Users of the cloud computing technology, enterprises and organizations that would like to take advantage of this disruptive technology, constitutes the industry segment. Undoubtedly there are clear benefits of using cloud and some of these are:
This is perhaps the most talked about benefit; however it is actually relative to the size of the business. For big businesses that require huge IT infrastructure or providers who service millions of users, cloud computing reduces operational and maintenance costs. For small or medium size businesses which are growing rapidly, cloud computing can reduce the marginal cost of adding new functionality and adding more infrastructures. In dynamic situations, these can be reduced if the business needs go down or a particular service offering does not meet the market requirements. However, for very small businesses, the effectiveness is uncertain because if typically only one or two servers are needed to run the service and if it is not growing fast, it is easy to maintain it locally rather than in cloud.
User demands are increasing by the day and it is difficult to keep up with the demand. With cloud, development tools are simple and the interaction is REST based; the burden of deployment is offloaded to cloud platforms resulting is lesser time to deliver more software as service. Because of easy programming tools, a common user with very little knowledge of programming is able to develop applications and put them on the Web.
With Web, the service consumption pattern becomes unpredictable. If sufficient computational resources are not available in times of high demand, it can result in service unavailability or poor customer satisfaction. Acquiring more IT infrastructure can be costly and computational resources will remain idle when load is not high leading to high overhead costs. The dynamic scaling aspect of cloud computing that allows one to add any number of virtual resources in times of high demand and release them under normal conditions puts the cloud ahead of conventional technologies.
Instant and automated
Whenever one requires a computational resource, typically a computer node, it is just sufficient to specify the power and OS and software needed and the computer node is ready from the moment the payment is made. Since the infrastructure and platform are part of cloud, the burden related to deployment, versioning and software upgrades is automatically taken care of by the cloud provider. This automation is one of the biggest attractions of cloud computing.

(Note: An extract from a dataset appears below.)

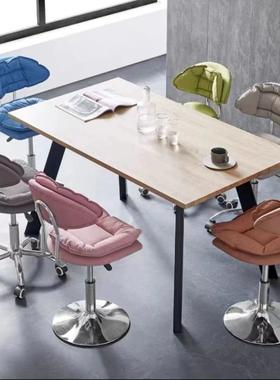 家用电脑椅轮美QUO甲子降升化妆椅办公凳椅学生椅带椅子旋转滑轮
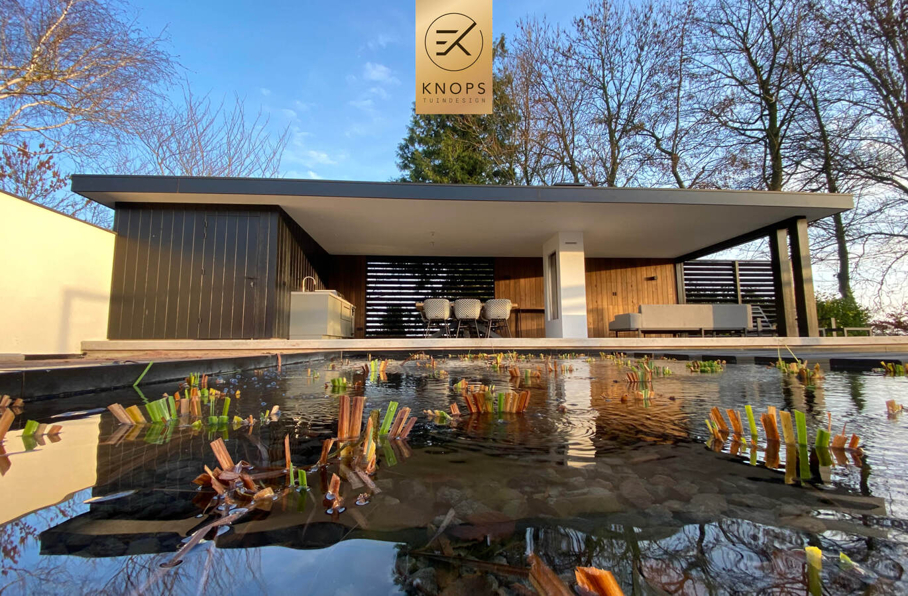 Hippo garden High end tuinontwerp tuinarchitect moderne wellnesstuin met luxe buitenverblijf en luxe poolhouse met zwemvijver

Cloud computing provides solution to many problems in the areas of distributed computing and utility computing. It also opens up new research opportunities for both academia and industry. The Center for Intelligent Spatial Computing, George Mason University recently completed a research project on "Geoprocessing services and standalone client to utilise the cloud computing and WPS services to support Earth and Geography Science communities" funded by the Federation of Earth Science Information Partnership (ESIP). The Center has developed GEOSS clearinghouse, a metadata catalogue system, which is deployed and maintained on Amazon's EC2 cloud.
Marlon Pierce and group at Community Grids Lab, Pervasive Technology Institute at Indiana University have conducted a project called Flood Grid that facilitates and improves flood planning, forecasting, damage assessment, and emergency responses using grid computing which was later shifted to cloud computing.

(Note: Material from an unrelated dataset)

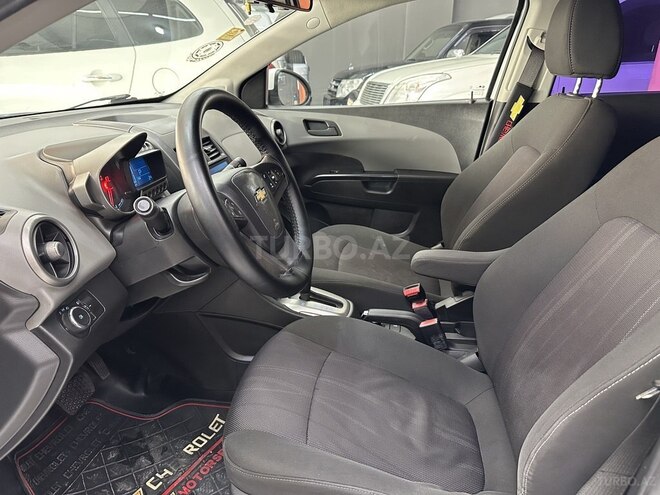 Chevrolet Aveo-12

Byron Ludwig and Serena Coetzee at the Department of Computer Science, University of Pretoria performed a comparison of differences between PaaS clouds keeping Geo-processing service as a requirement. Theodor Foerster and his group at Institute of Geoinformatics, University of Muenster have used 52° North Web Processing service with Open Nebula for building a private Cloud which often outsources some processing to Amazon EC2 as a public cloud.
YANG Jinnan and WU Sheng of Spatial Information Research Center, Fuzhou University have also studied possible application of cloud computing techniques in GIS and listed the challenges. Naphtali Rishe's group has applied Map-Reduce to two important problems in spatial databases, bulk-construction of R-Tree indexes and aerial image quality computation and have confirmed that MapReduce framework shows excellent scalability when applied to parallelisable problems. A group at State Key Laboratory of Information Engineering in Surveying, Mapping and Remote Sensing (LIESMARS), Wuhan University has developed geoprocessing service that integrates geoprocessing functions and Microsoft Cloud Computing technologies to provide geoprocessing capabilities in a distributed environment.
Borko Furht has identified the following challenges in cloud computing. Let us discuss these challenges in terms of geospatial cloud computing.
For normal applications or even mid size applications, cloud computing can be very efficient but with geospatial data, which is typically in terabytes, processing can often prove to be inefficient on the cloud. Virtual machines also have overheads, compared to applications which run directly on the hardware utilising low level instructions set. Large datasets can be processed by distributed data processing framework such as MapReduce, though it is not suitable for all kinds of datasets. If the result of the processing is also in terabytes or gigabytes, a user located at a long distance from the cloud provider may experience high latency and delays.
Security & Privacy
Security remains the major concern for cloud user companies. Users are worried about vulnerability attacks, when information and valuable data is outside the company firewall. Even though security challenges are there, cloud computing is fairly secure, in some cases more secure than local environment. Chris Matthews and Yvonne Coady explain that the isolations provided by virtualisation have security benefits. In case of attack on the system, virtualisation narrows the attack area to the explicitly exposed and shared resources. Treating the virtualised system as a black box, assertions can be made about the system interaction.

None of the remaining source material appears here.